While we've seen what happens to industries that have an online equivalent – the newspaper industry, for example, has seen much better days, as have the record store and the video store – some industries that likely thought themselves safe have seen that the Internet's reach is much longer and much more potent than previously thought.
The newest area suffering is one that thought it could work with the Internet, and though it does, is also finding that it can be in part replaced by it too. The market being hit like this is the education market, and the Internet is changing the way a lot of people think about school.
In recent days, there’s been plenty of focus on so-called "Massive Open Online Courses" (MOOC), in which universities take the content of several courses and put it online for free consumption by anyone willing to point a browser at it.
Naturally, the idea of colleges making courses available at no charge is a significant game-changer, but what's really getting interest is the idea of a more personalized education, made possible with online tools.
The original model featured a professor throwing material at a roomful – the size of which varied constantly – of students who were then expected to temporarily memorize the content long enough to spit it back up onto an exam, which was then deemed “learning.” Those who couldn't absorb the material long enough to represent successfully were called "not cut out for school" and the system carried on.
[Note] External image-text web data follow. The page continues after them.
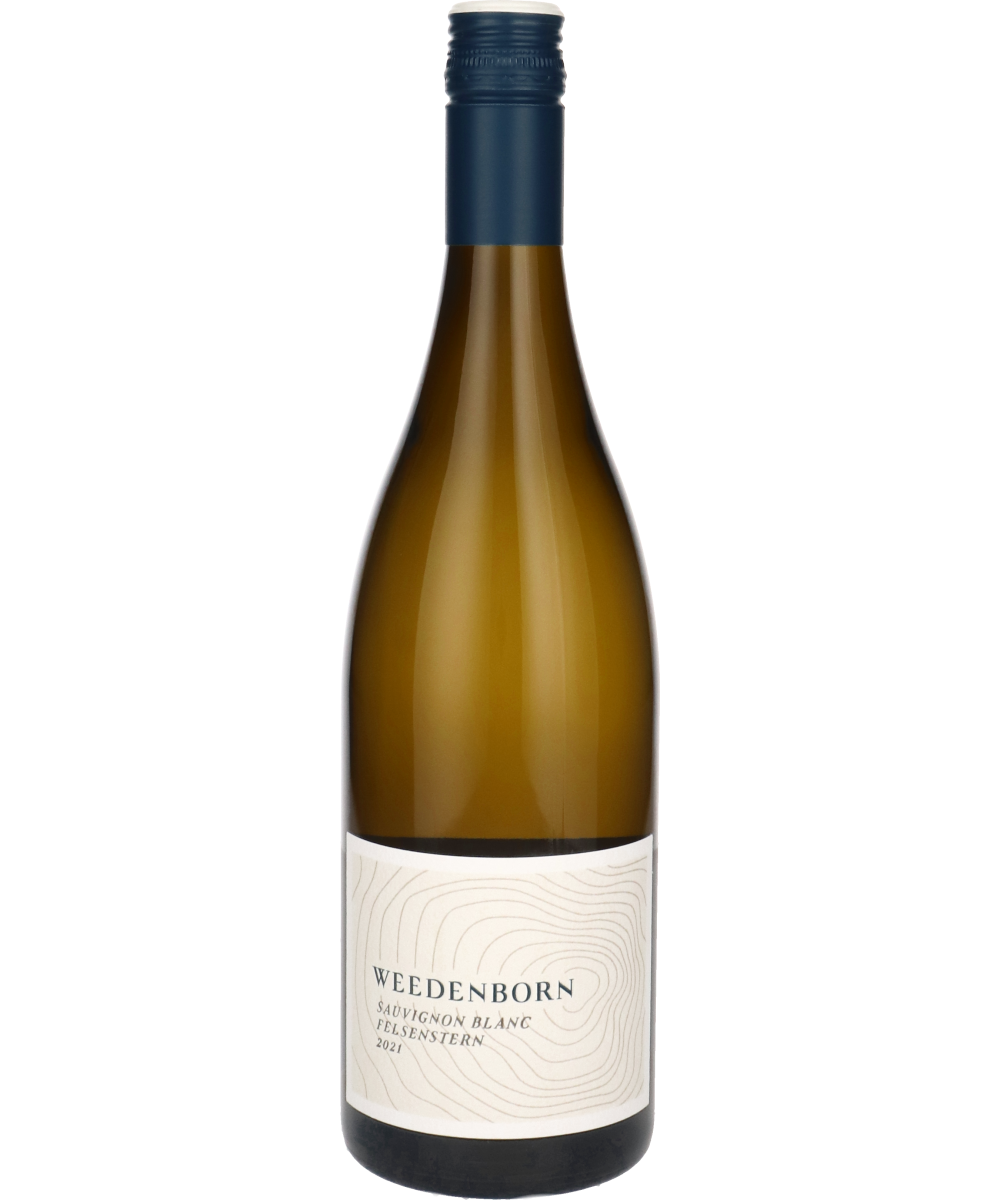 Sauvignon Blanc Felsenstern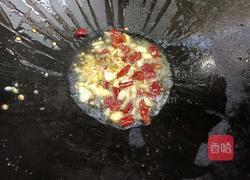 酸辣三丝的做法图解8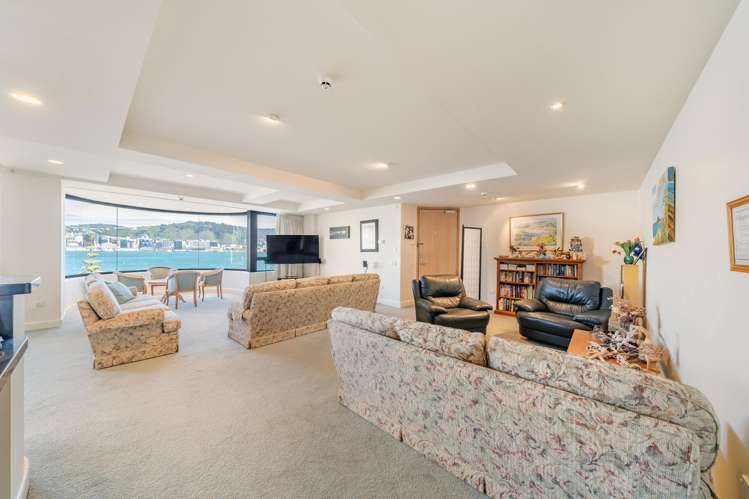 6/310 Oriental Parade Oriental Bay_16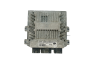 Controlador 7S61-12A650-BA 5WS40432A-T Ford Siemens 38840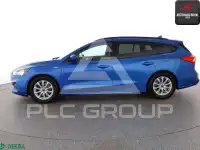 2020 Ford Other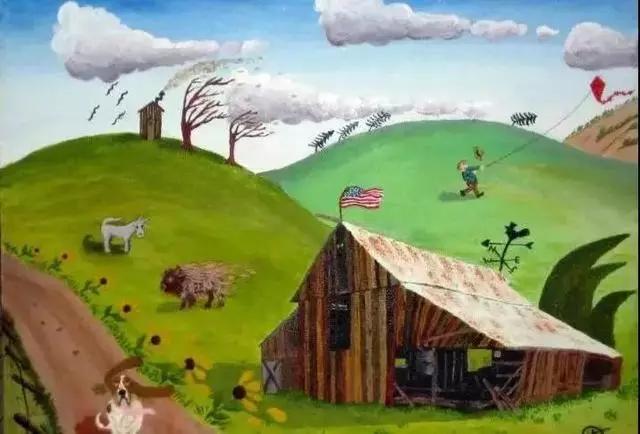 研学旅行博物馆新玩法,研学探索之旅景点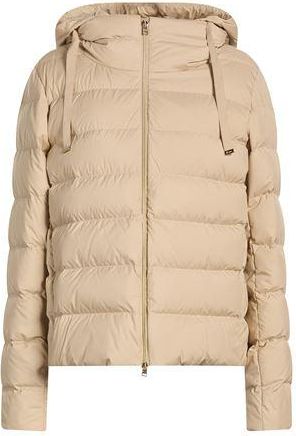 Herno COATS & JACKETS - Puffers on YOOX.COM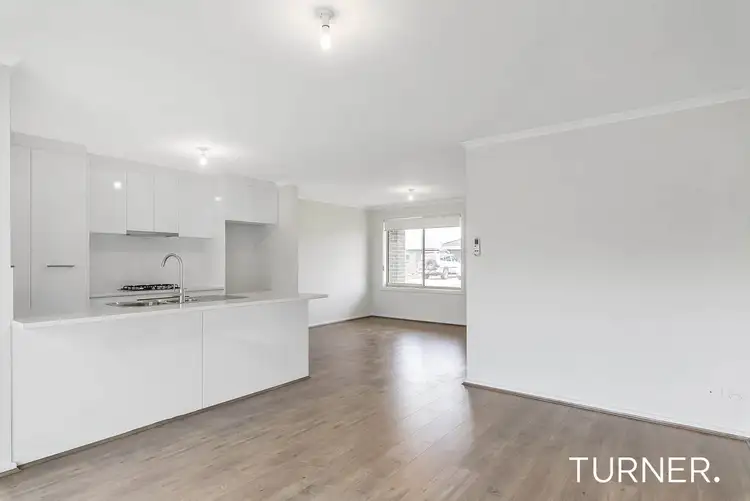 Second view of Homely house listing, 26 Clare Mews, Munno Para West SA 5115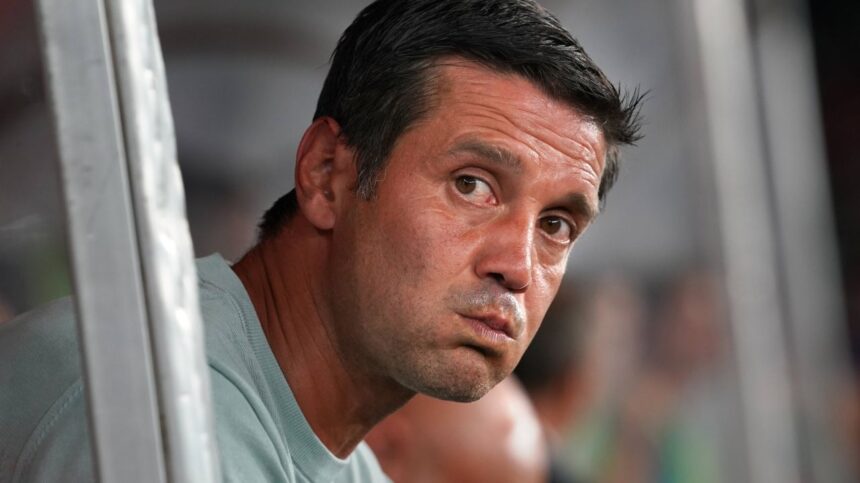 vestea proasta pentru cristi chivu si inter milano 68a4999156ab3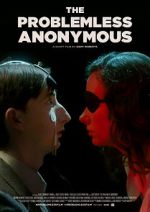 Watch The Problemless Anonymous 0123movies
Though even the system could tell that this was a fairly big problem; of those who tried to get a bachelor's degree, only 56 percent would pull it off according to numbers from the National Center for Educational Statistics. That means that 44 percent of students would waste some amount of time and resources trying to master the "absorb and report" method of education.
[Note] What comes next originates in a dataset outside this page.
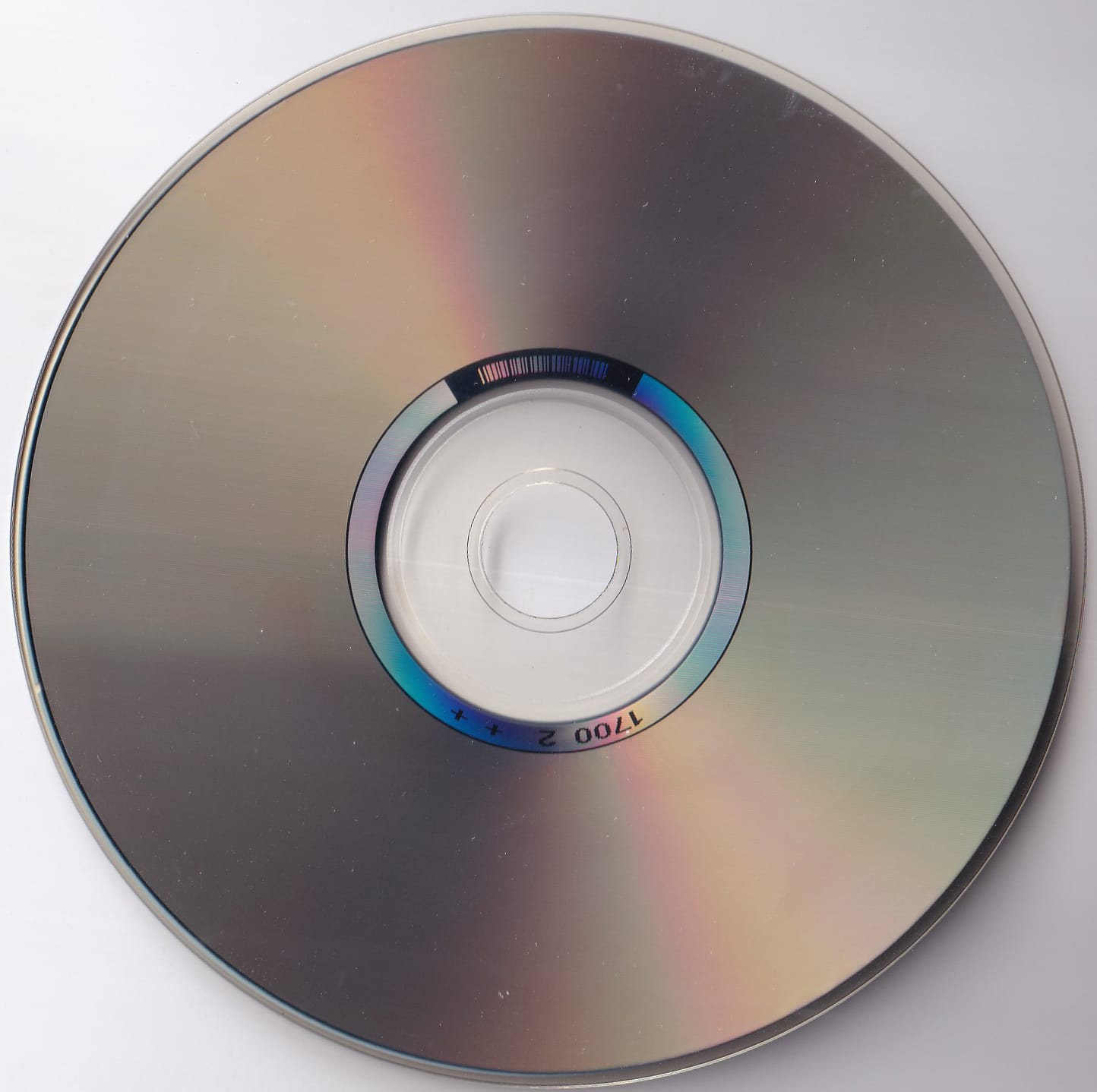 TIỀN CHIẾN 3 - LÀNG VĂN CD197 (MFJ) - Ảnh 4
Online tools, meanwhile, look to improve matters by taking the broadcast out of the classroom. Students are given access to lectures, videos, podcasts and the like before they go to class, and class time – as well as grades – is more devoted to discussion, to problem solving, to the building of critical thinking skills (which by and large got short shrift under the old model) and the like.
But above all, students learn the skills necessary for a knowledge-based economy: how to find information, how to articulate information, and how to make a stance understood based on supporting facts.
There's no denying that the education system, especially that of the United States, could do with some shoring up. Getting students better prepared for the future by teaching them how to handle information and correctly route it, as well as use it to prove points, is a valuable course of action. We're already seeing this to some extent – public schools have long been challenged by the "homeschooling" concept, and the Internet is putting incredible amounts of educational power and opportunity in the hands of those who would teach their children themselves at home.
A better educational system starts with the tools to make it happen, and the Internet has provided them. Now all that's left is the will to use them, and that's a commodity that's growing in its own right.